Dana abadi LPDP (Lembaga Pengelola Dana Pendidikan) yang terus meningkat dari tahun ke tahun hingga mencapai Rp139 triliun pada 2023 (lihat infrografis) tentu menjadi kebanggaan tersendiri bagi Indonesia.
Angka yang fantastis ini mencerminkan komitmen besar pemerintah dalam mendukung pendidikan tinggi dan memberikan kesempatan bagi generasi muda untuk melanjutkan studi baik di dalam maupun luar negeri. Namun, di balik kebanggaan tersebut, ada pertanyaan penting yang perlu kita ajukan: apakah alumni LPDP benar-benar memberikan dampak balik yang signifikan pada masyarakat?

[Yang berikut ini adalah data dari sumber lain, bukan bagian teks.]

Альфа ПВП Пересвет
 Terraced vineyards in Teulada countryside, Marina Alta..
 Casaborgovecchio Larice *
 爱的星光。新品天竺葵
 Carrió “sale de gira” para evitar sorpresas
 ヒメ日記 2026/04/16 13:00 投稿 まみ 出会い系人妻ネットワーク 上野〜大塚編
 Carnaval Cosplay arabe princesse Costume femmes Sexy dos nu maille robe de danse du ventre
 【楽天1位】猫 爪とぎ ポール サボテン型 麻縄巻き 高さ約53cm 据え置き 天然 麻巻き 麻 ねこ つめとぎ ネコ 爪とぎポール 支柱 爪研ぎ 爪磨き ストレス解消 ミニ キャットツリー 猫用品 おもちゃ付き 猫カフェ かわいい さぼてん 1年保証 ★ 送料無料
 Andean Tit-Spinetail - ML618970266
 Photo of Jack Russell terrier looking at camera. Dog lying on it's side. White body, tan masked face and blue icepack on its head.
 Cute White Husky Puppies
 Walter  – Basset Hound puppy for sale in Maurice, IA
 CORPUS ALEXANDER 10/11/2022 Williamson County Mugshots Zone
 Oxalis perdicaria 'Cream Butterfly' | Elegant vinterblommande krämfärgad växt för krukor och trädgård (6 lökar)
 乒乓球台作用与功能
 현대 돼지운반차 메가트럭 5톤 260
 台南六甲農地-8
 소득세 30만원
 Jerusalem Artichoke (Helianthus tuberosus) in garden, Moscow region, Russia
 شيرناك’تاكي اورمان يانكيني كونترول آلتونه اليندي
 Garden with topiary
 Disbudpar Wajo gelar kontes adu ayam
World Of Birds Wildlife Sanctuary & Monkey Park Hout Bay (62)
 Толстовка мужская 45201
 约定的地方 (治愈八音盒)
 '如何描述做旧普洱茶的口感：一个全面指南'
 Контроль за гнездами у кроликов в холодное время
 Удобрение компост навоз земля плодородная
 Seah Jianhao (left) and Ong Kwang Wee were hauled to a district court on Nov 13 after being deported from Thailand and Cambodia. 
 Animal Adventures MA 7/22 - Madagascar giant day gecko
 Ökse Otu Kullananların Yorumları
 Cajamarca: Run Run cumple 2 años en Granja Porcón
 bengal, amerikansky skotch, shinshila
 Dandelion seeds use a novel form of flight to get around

Kita sering mendengar kisah sukses para penerima beasiswa LPDP, yang berhasil lulus dari universitas ternama dan bekerja di perusahaan besar, atau bahkan berkarir di pemerintahan. Banyak dari mereka berhasil mencapai kesuksesan pribadi yang mengesankan, tetapi sejauh mana keberhasilan ini berkontribusi pada masyarakat luas? Apakah investasi besar yang dikeluarkan LPDP sebanding dengan dampak yang dihasilkan oleh para alumninya?
1. Dari Individu Berprestasi Menjadi Agen Perubahan
LPDP, pada dasarnya, bukan sekadar program beasiswa; ia dimaksudkan untuk mencetak pemimpin dan agen perubahan. Namun, menjadi agen perubahan bukan hal mudah. Selain kemampuan akademis, dibutuhkan keterampilan kepemimpinan, empati, dan komitmen yang kuat untuk berkontribusi pada masyarakat. Sering kali, alumni LPDP lebih sibuk mengejar prestasi dan karir pribadi yang menjanjikan ketimbang berperan aktif di masyarakat. Apakah kita berlebihan berharap mereka, yang sukses dengan dukungan dana negara, secara otomatis akan merasa terikat moral untuk memberikan kontribusi kembali?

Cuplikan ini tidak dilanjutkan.